Though I've never hungered for my neighbor's livestock, I've certainly found myself lusting over a friend's pretty new handbag, or wishing it was my roof that was adorned with shining new solar panels. That's kind of the same thing, isn't it? It is a daily struggle for me to just be happy with what we've got. And what we've got is good. Great. Fantastic. More than I could hope for and more than I deserve. So why, oh why, do I still feel like I need more stuff?

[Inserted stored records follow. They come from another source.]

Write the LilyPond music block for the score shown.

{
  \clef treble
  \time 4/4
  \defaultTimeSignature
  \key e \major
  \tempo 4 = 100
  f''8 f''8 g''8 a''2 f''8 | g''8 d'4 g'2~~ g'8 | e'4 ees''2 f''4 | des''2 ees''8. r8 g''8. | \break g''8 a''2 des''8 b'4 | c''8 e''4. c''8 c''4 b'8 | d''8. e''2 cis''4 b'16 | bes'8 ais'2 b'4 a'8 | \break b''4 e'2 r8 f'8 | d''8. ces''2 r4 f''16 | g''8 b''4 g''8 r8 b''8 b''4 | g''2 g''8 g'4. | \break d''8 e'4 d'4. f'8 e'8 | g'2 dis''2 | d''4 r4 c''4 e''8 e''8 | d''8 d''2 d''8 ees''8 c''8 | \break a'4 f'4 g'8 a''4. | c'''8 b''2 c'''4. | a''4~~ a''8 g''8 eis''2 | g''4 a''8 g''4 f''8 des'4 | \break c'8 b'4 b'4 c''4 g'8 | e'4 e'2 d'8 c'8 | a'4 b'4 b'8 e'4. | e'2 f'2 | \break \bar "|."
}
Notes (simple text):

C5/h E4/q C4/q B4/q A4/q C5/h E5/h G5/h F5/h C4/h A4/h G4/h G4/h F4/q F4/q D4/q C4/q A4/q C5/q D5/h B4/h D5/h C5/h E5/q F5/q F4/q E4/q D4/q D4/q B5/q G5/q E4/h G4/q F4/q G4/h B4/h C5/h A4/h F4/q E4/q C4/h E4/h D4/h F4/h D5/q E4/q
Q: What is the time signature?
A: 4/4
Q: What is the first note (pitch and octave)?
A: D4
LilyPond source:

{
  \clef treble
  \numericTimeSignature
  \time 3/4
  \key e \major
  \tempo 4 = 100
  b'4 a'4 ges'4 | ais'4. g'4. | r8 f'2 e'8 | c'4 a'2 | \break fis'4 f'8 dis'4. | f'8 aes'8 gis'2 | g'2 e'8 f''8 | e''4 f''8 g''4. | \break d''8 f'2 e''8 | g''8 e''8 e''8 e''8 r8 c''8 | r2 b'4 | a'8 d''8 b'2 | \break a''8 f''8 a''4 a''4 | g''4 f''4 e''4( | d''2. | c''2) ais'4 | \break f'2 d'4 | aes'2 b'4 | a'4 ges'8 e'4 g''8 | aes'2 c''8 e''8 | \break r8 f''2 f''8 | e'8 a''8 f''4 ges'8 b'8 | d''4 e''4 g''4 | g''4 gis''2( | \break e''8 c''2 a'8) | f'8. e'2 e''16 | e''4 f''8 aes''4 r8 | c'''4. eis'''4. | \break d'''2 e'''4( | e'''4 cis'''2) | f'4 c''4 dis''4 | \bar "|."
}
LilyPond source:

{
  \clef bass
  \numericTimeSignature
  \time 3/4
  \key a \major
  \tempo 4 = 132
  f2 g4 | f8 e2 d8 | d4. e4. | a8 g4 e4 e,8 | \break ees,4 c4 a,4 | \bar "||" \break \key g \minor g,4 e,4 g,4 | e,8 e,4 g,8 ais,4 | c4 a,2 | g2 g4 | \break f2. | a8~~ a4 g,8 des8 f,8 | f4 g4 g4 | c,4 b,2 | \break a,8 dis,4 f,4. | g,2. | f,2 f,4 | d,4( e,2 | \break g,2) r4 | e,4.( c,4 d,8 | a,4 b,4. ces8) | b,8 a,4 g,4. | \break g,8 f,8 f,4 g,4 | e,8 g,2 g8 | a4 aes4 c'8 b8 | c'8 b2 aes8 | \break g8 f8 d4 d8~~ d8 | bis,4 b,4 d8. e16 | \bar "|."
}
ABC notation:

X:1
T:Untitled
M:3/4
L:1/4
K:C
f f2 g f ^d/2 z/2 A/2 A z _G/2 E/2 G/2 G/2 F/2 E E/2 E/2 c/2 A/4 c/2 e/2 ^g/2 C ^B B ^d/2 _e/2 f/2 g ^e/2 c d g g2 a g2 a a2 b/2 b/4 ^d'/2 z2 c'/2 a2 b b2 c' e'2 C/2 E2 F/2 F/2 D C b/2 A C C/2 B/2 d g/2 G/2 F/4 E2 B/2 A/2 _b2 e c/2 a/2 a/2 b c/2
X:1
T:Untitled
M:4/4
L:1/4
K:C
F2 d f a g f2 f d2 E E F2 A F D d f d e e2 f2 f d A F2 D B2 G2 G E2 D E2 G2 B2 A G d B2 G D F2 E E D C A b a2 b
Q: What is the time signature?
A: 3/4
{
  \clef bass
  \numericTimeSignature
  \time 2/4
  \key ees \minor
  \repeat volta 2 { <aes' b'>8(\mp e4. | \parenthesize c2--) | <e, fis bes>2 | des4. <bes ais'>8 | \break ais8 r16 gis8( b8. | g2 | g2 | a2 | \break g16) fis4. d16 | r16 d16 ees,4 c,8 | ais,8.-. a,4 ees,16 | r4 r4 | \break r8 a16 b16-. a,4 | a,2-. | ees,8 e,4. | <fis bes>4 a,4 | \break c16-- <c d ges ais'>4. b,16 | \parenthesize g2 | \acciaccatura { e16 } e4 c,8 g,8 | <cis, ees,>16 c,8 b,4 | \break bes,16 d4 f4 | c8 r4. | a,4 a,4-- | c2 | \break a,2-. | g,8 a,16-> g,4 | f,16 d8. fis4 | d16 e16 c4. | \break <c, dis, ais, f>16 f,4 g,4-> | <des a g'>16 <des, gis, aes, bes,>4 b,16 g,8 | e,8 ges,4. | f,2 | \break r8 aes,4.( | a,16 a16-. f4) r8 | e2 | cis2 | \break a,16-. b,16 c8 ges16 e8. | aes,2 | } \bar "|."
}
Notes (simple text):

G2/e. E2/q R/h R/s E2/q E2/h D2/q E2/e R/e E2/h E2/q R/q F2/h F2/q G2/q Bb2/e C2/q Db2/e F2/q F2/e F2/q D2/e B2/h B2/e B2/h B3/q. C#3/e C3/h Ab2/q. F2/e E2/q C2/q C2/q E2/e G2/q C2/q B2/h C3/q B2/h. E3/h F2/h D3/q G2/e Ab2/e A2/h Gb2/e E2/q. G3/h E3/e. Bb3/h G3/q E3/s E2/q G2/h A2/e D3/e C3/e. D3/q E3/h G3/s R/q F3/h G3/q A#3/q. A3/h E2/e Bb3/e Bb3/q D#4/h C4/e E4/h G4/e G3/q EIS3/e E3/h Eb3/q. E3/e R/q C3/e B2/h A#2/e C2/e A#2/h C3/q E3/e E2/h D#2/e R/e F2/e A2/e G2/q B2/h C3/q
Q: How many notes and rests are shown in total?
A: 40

I could easily blame it someone else. According to Consumer Reports, the average American is exposed to 247 commercial messages every day. Of course, if you don’t watch TV, you’ll cut a lot of those ads out, but even then there are still ads flying at you from every which way. And what are all these ads telling us? That we will not be happy, healthy, wealthy, wise, popular, or anything else–unless we buy these products. So what do we do? We buy. And buy. And buy. And buy. And every time we buy, we create waste, consume energy, and in the long run make ourselves less happy than when we started.
I've done what I can do. I don't go "coveting" anymore. Let's face it. I can't go into a store and just look. I can't. I know that now. And I try to shop with lists as I find this really helps me stay on track and keeps "extras" out of my basket. But every now and then, something bright and shiny grabs my attention and it gets brought home where I glare at it, knowing the money I spent on it would have been better spent somewhere else.
So how do I avoid bringing it home in the first place? I found this handy list of questions on the Mother Nature Network that might just be the ticket. The idea is to print the questions out on a little card and stick it in your wallet so that whenever you are confronted with a purchase, you have a little something to help you really think it through. Of course you don't really have to carry it with you. You could just mentally ask these questions. But will you remember to? I won't. I need something concrete. Perhaps I'll put it on neon colored card stock so I'll be sure to notice it each and every time open my wallet.
1. Is this purchase something I need?
2. Do I already own something that will serve the same purpose?
3. Can I borrow one instead of buying new?
4. Can I make something that will serve the same purpose?
5. Can I buy a used one?6. How does this item encourage a simple lifestyle?
7. Do I really have the money for this purchase?
8. Can I buy one that was made with environmentally responsible materials?
9. Can I buy one that serves more than one purpose?
10. What is the impact on the environment of the full life cycle of it?
Less Stuff=Simple Life and Happy Planet!